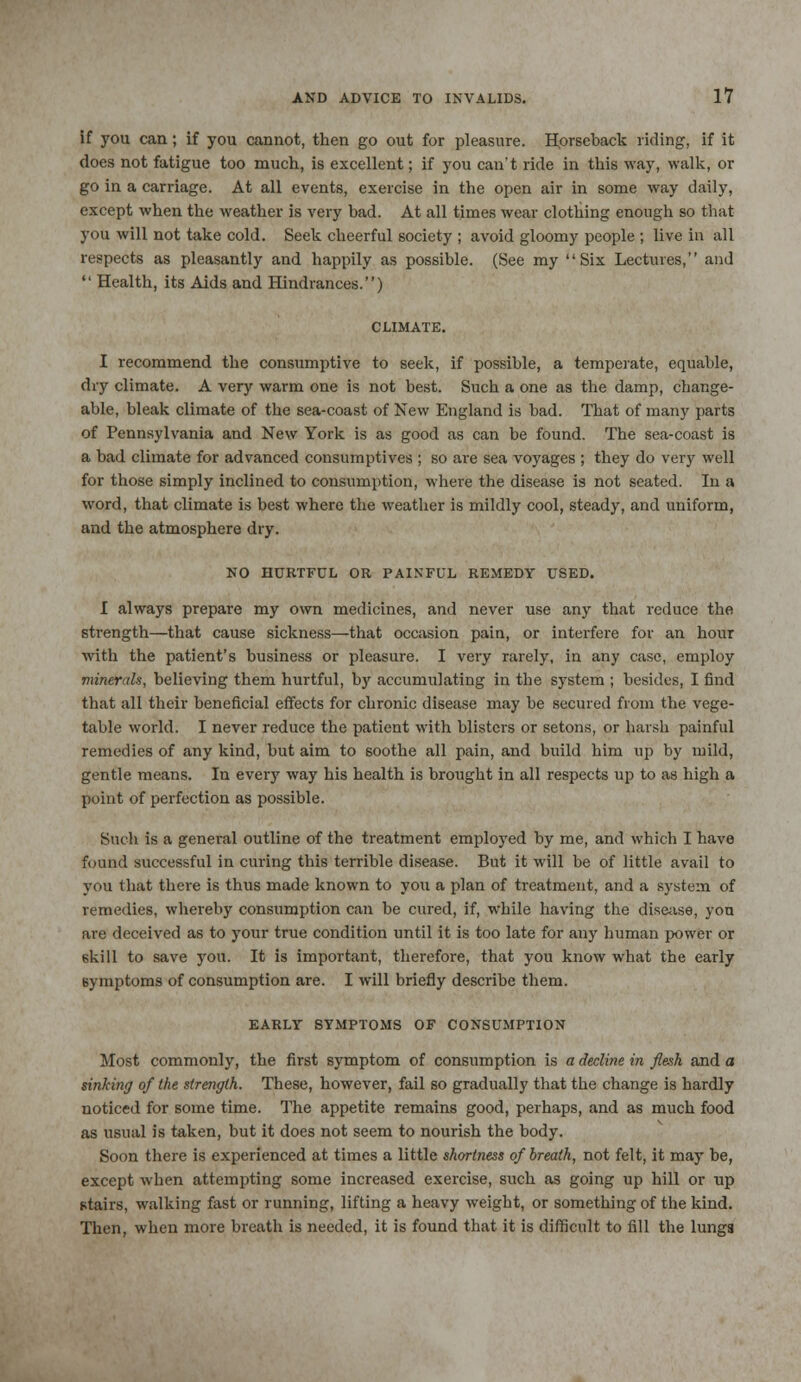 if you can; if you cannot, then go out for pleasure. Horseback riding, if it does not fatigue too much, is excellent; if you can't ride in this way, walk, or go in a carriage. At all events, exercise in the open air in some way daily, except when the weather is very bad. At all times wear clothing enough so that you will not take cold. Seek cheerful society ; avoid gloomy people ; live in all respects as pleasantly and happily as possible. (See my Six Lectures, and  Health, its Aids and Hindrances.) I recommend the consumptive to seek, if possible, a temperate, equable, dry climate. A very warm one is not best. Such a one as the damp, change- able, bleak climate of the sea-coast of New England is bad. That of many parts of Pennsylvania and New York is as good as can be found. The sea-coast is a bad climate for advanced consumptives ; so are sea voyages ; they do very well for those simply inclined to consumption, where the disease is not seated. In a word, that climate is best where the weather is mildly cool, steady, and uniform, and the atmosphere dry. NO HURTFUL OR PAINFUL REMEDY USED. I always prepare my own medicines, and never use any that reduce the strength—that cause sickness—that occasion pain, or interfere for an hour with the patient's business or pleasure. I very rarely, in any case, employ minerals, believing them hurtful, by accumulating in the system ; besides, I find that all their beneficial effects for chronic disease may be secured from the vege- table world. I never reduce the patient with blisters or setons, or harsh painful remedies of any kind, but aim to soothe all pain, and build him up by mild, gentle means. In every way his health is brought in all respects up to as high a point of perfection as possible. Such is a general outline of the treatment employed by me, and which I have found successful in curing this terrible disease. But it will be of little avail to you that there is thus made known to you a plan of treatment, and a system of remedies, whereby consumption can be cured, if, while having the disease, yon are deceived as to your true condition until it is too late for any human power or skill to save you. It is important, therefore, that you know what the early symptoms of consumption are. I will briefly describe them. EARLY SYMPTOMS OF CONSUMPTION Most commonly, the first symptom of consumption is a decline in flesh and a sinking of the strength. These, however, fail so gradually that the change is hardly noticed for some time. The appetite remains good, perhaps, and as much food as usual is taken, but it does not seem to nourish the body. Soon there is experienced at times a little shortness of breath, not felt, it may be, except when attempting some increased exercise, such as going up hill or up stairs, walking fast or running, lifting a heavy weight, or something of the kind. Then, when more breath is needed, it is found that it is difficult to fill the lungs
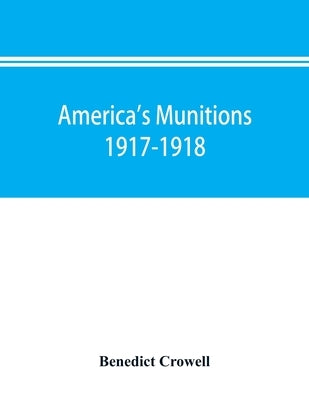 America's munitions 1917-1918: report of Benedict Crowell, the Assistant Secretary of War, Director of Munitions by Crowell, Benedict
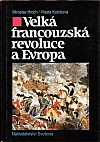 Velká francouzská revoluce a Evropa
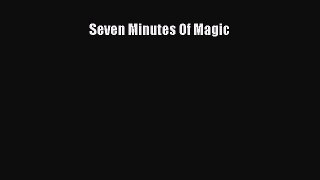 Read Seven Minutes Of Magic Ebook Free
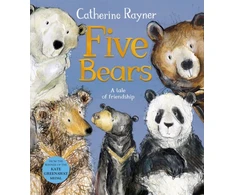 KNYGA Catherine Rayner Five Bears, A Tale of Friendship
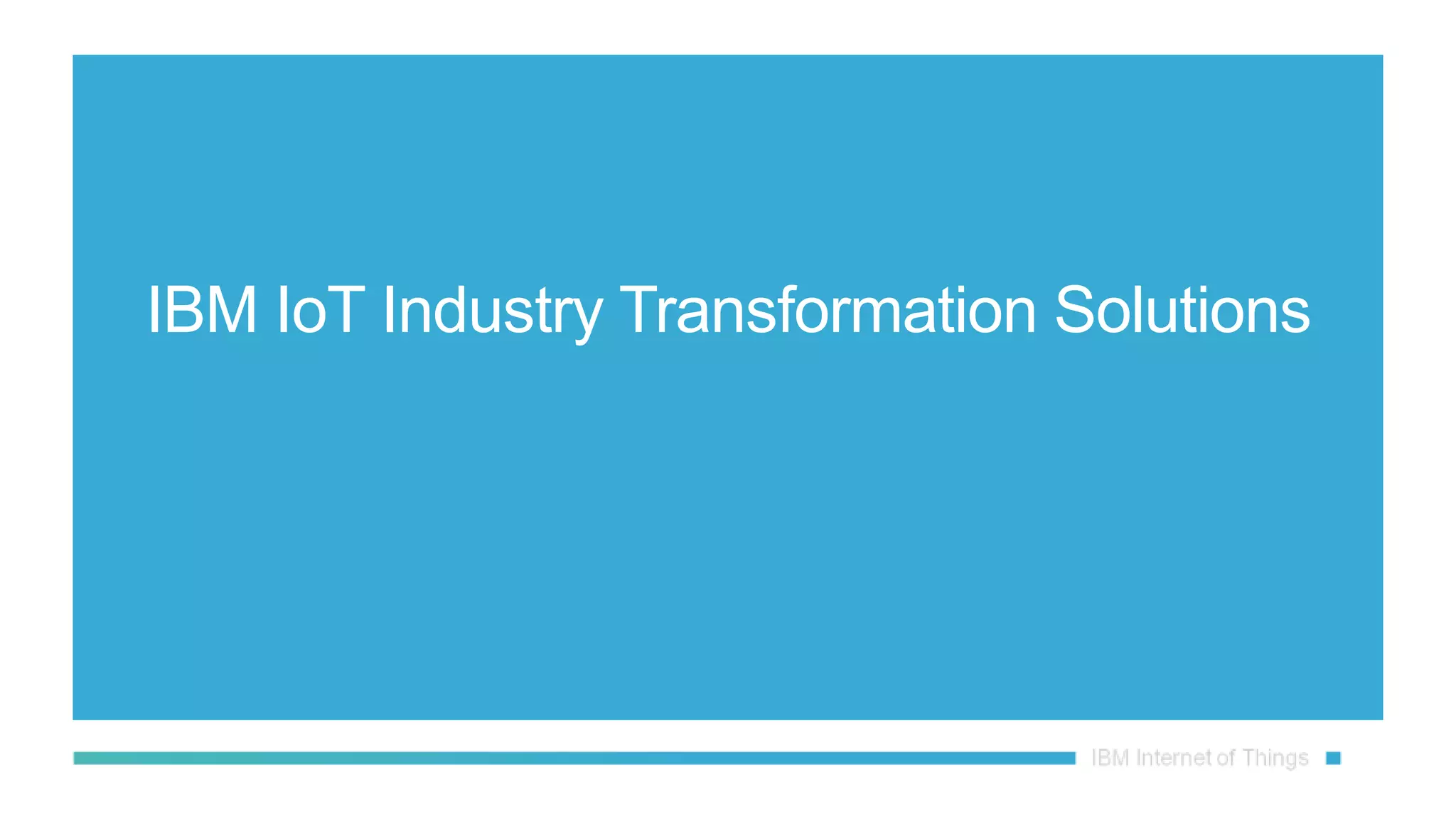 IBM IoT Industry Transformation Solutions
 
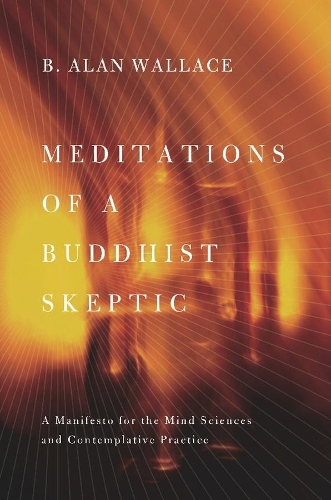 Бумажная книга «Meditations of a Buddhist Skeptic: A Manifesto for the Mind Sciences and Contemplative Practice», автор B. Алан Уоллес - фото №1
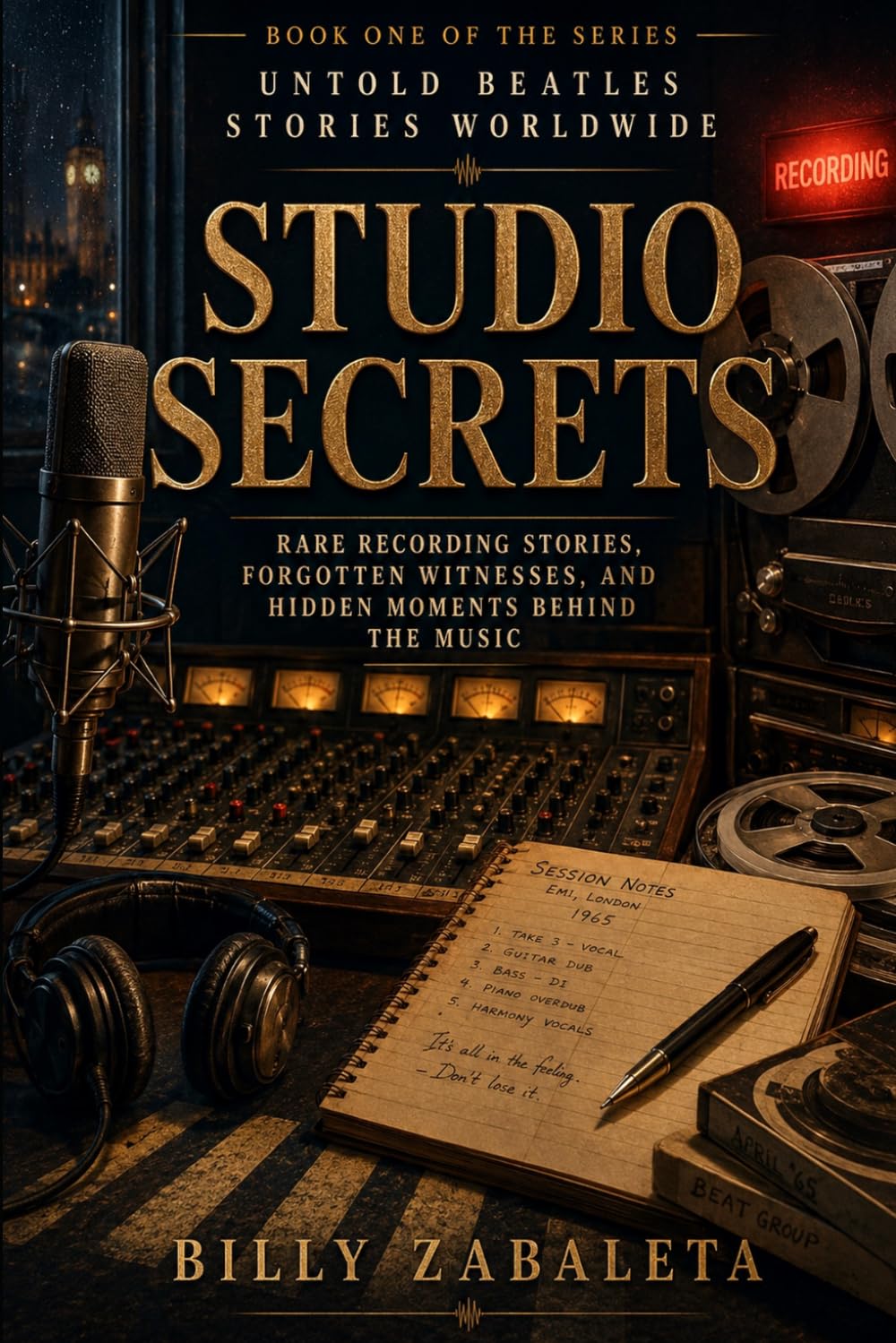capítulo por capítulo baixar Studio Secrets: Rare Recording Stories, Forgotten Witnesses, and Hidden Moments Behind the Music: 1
* * *
**What you have to do**
Only the pictures are to be left out; repeat all other material exactly.

**Solution to this task**
 if you can; if you cannot, then go out for pleasure. Horseback riding, if it does not fatigue too much, is excellent; if you can't ride in this way, walk, or go in a carriage. At all events, exercise in the open air in some way daily, except when the weather is very bad. At all times wear clothing enough so that you will not take cold. Seek cheerful society ; avoid gloomy people ; live in all respects as pleasantly and happily as possible. (See my Six Lectures, and  Health, its Aids and Hindrances.) I recommend the consumptive to seek, if possible, a temperate, equable, dry climate. A very warm one is not best. Such a one as the damp, change- able, bleak climate of the sea-coast of New England is bad. That of many parts of Pennsylvania and New York is as good as can be found. The sea-coast is a bad climate for advanced consumptives ; so are sea voyages ; they do very well for those simply inclined to consumption, where the disease is not seated. In a word, that climate is best where the weather is mildly cool, steady, and uniform, and the atmosphere dry. NO HURTFUL OR PAINFUL REMEDY USED. I always prepare my own medicines, and never use any that reduce the strength—that cause sickness—that occasion pain, or interfere for an hour with the patient's business or pleasure. I very rarely, in any case, employ minerals, believing them hurtful, by accumulating in the system ; besides, I find that all their beneficial effects for chronic disease may be secured from the vege- table world. I never reduce the patient with blisters or setons, or harsh painful remedies of any kind, but aim to soothe all pain, and build him up by mild, gentle means. In every way his health is brought in all respects up to as high a point of perfection as possible. Such is a general outline of the treatment employed by me, and which I have found successful in curing this terrible disease. But it will be of little avail to you that there is thus made known to you a plan of treatment, and a system of remedies, whereby consumption can be cured, if, while having the disease, yon are deceived as to your true condition until it is too late for any human power or skill to save you. It is important, therefore, that you know what the early symptoms of consumption are. I will briefly describe them. EARLY SYMPTOMS OF CONSUMPTION Most commonly, the first symptom of consumption is a decline in flesh and a sinking of the strength. These, however, fail so gradually that the change is hardly noticed for some time. The appetite remains good, perhaps, and as much food as usual is taken, but it does not seem to nourish the body. Soon there is experienced at times a little shortness of breath, not felt, it may be, except when attempting some increased exercise, such as going up hill or up stairs, walking fast or running, lifting a heavy weight, or something of the kind. Then, when more breath is needed, it is found that it is difficult to fill the lungs
 America's munitions 1917-1918: report of Benedict Crowell, the Assistant Secretary of War, Director of Munitions by Crowell, Benedict
 Velká francouzská revoluce a Evropa
 Read Seven Minutes Of Magic Ebook Free
 KNYGA Catherine Rayner Five Bears, A Tale of Friendship
 IBM IoT Industry Transformation Solutions
 
 Бумажная книга «Meditations of a Buddhist Skeptic: A Manifesto for the Mind Sciences and Contemplative Practice», автор B. Алан Уоллес - фото №1
capítulo por capítulo baixar Studio Secrets: Rare Recording Stories, Forgotten Witnesses, and Hidden Moments Behind the Music: 1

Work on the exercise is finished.